The U.S. military attacked a boat accused of smuggling drugs in the eastern Pacific Ocean on Wednesday, killing two men, as the Trump administration wages a monthslong campaign against alleged traffickers in Latin America.
The latest attack, the fifth in about a week, brings the number of people who have been killed in boat strikes by the U.S. military to at least 207 since the administration began targeting those it calls “narcoterrorists” in early September.
As with most of the military’s statements on strikes in the eastern Pacific Ocean and Caribbean Sea, U.S. Southern Command said it targeted the alleged drug traffickers along known smuggling routes. The military did not provide evidence that the vessel was ferrying drugs. A video posted on X showed a boat speeding through the water before bursting into flames.

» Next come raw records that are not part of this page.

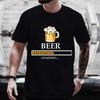 Men's T Shirt Beer Loading Classic Tshirts Short Sleeved Tops Woemn Men Tees Men T-Shirt Black Man T-Shirts for Male Tee Clothes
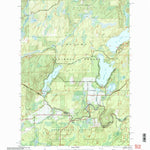 United States Geological Survey Hagerman Lake, MI-WI (1999, 24000-Scale) digital map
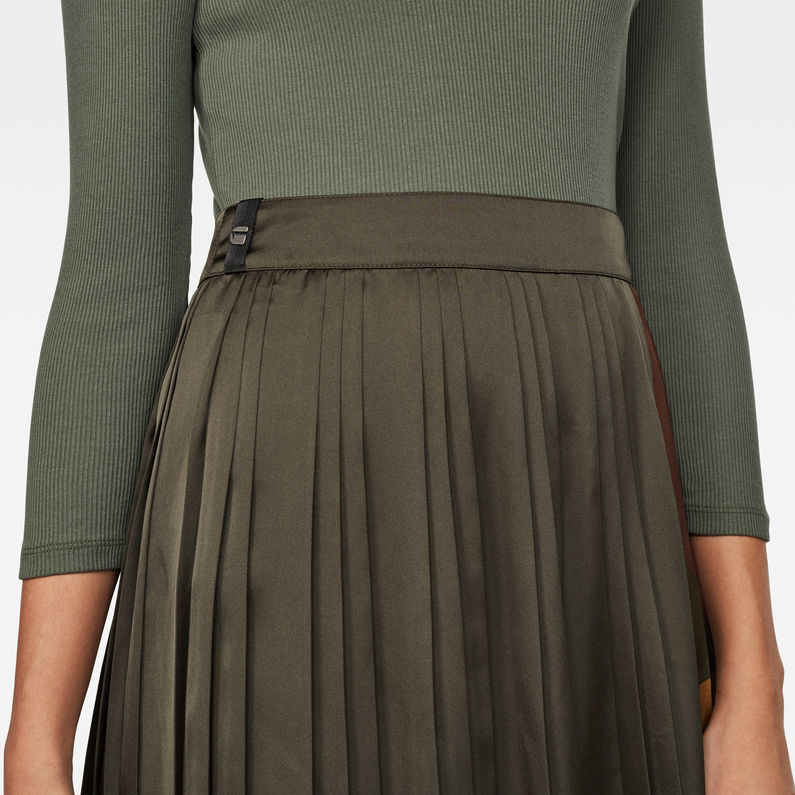 G-STAR® G-Star High waist Plisse Skirt Grijs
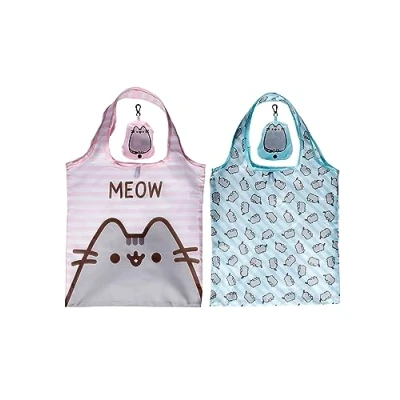 Afbeelding van Pusheen Opvouwbare Tas Kat Blauw Shopper Kawaii Cute Schattig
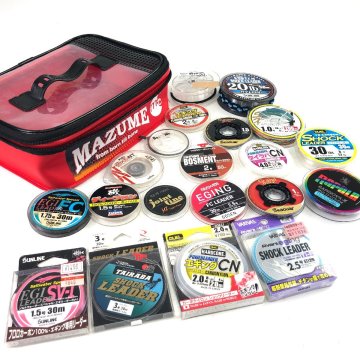 1円～ リーダー ライン等 まとめて セット サンライン デュエル等 中古品 | SUNLINE DUEL SEAGUAR 釣具 釣り糸 リーダー 海釣り【C197】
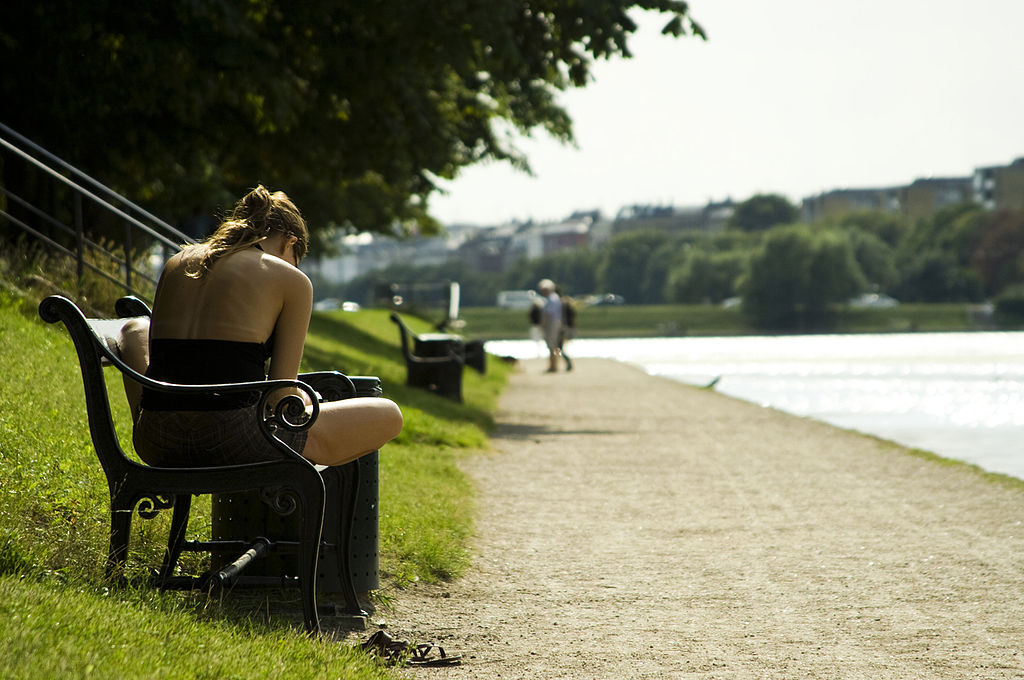 Au bord du lac Sortedam Sø à Copenhague au Danemark. Photo de Marianne Pedersen.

U.S. Southern Command said in its post on X that the strike came at the direction of Gen. Francis L. Donovan, the top U.S. commander in Latin America. Donovan last week met with Cuban military leaders near the U.S. Navy base in Guantanamo Bay.
President Trump has said the U.S. is in “armed conflict” with cartels in Latin America and has justified the attacks as a necessary escalation to stem the flow of drugs into the United States and fatal overdoses claiming American lives. But his administration has offered little evidence to support its claims of killing “narcoterrorists.”
Critics have questioned the overall legality of the boat strikes as well as their effectiveness, in part because the fentanyl behind many fatal overdoses is typically trafficked to the U.S. over land from Mexico, where it is produced with chemicals imported from China and India.
The strikes have drawn intense scrutiny from some Democratic lawmakers and military legal scholars. The U.S. military’s first strike in early September drew particular concern from some lawmakers and those who study military law.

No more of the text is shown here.